Because Eve smiled at her, Peabody shrugged again. “Dallas and Peabody exiting Interview. Record off.”

“Nice parting shot,” Eve told her when they stood outside. “That’s a gardening thing, right?”

“Yeah. Jesus, I need another shower after that.”

“Take an hour.”

“I don’t need that long to shake it off.”

“Take an hour,” Eve repeated. “Get some food, take a walk. This was the worst of it. The daughter’s more your normal greedy murdering bitch.”

“And we eat them for breakfast.”

“Every day. Twice a day.”

Peabody laughed. “Can’t eat that much. New pants.”

“Take your new pants and have that sick son of a bitch taken back to his cage.”

She started toward Observation, but Mira, Teasdale, and Reo stepped out.

Eve looked at Mira first. “He’s legally sane.”

“Yes. He’s a fanatical bigot with a messiah complex who may believe a good deal of what he said in there—not all, but a good deal. And legally sane.”

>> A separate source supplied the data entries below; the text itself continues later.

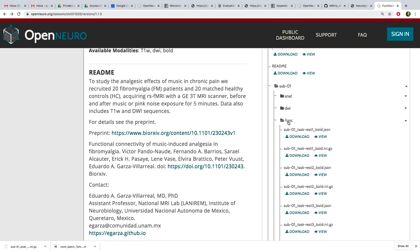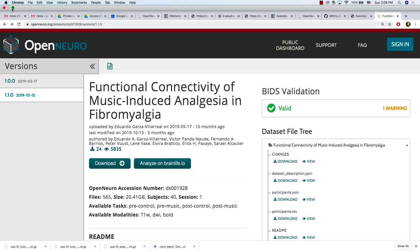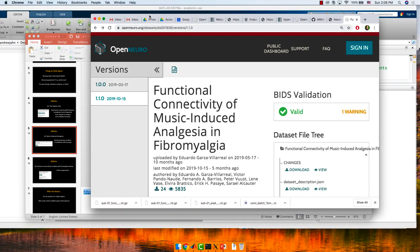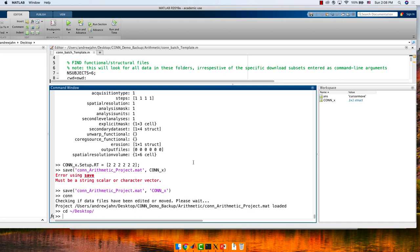Let's download the bold one nifti and bold two nifti. From your desktop, let's create a new folder. If you're on the MATLAB terminal, type 'cd ~/Desktop' and then 'mkdir music_analgesia' or whatever you want to call it.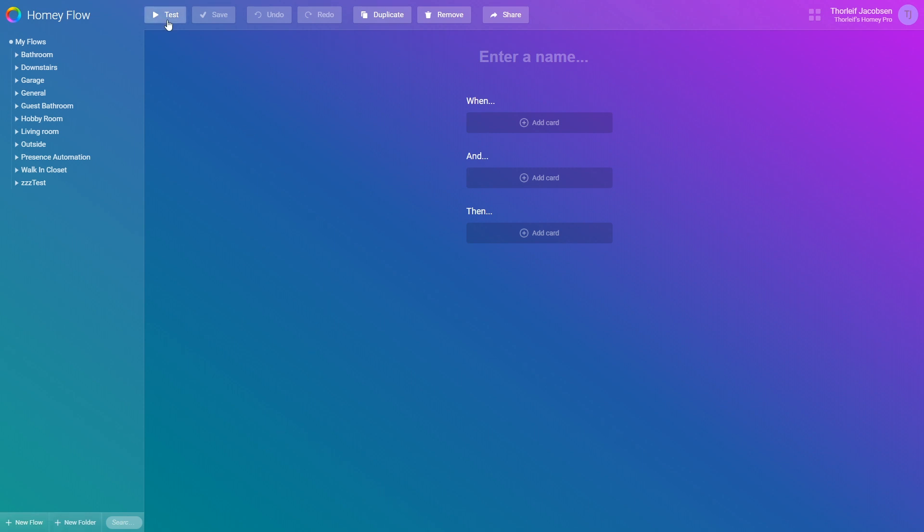On the top we have a few buttons we'll touch upon later. First let's give this flow a name. I'll call it Test flow 1. Below we can define the set of instructions I spoke of earlier. We have three main groups.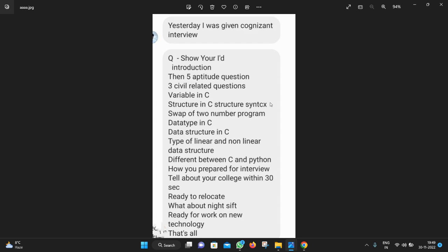In the Cognizant interview, five aptitude questions were asked from him and three civil-related questions. Then they asked questions from C like variables in C, structure in C syntax, swapping of two number programs in C, and data types in C, data structures in C, types of linear and non-linear data structures.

“Good.” Now at Reo. “No deals.”

“Not even a tiny one.”

“Good again. Special Agent.”

“I’m going to ask what might be considered a favor, but what I hope will be understood and prevent any friction between this department and mine.”

“He took your man, he beat your man half to death. You want Wilkey first.”

“Yes. You’ve more than laid the groundwork for the federal crimes we’ll charge him with. I want you to agree not to fight me on him serving his time in federal prison before your charges kick in.”

“Done.”

Teasdale opened her mouth, then closed it, nodded. “You say that understanding he won’t live to pay for what you charge him with here.”

“He’s going to die in a cage. Why would I care what kind? Except sometimes I do,” Eve added. “Mirium Wilkey.”

“Is yours first, no question. Not from my end. I’m about to confer with Interpol. Hopefully they’ll be as cooperative as you.”

“They’ll have the upper echelon from the island. Whoever ran the day-to-day, brought people in, did the torture, and so on. They’ll take that. Everybody gets a share. Is it Abernathy you’re meeting?”

“No, someone a bit higher up.”

“Good luck. One question? Are you looking at higher up? The lateral move from Homeland to the FBI.”

Teasdale offered a very slight smile. “Opportunity knocked. I’ll speak to you again.”

Eve stopped in the bullpen for a quick roundup with whoever was between interviews. Santiago sat at his desk using voice command to write his report.

“You gave us the easy ones because I got dinged.”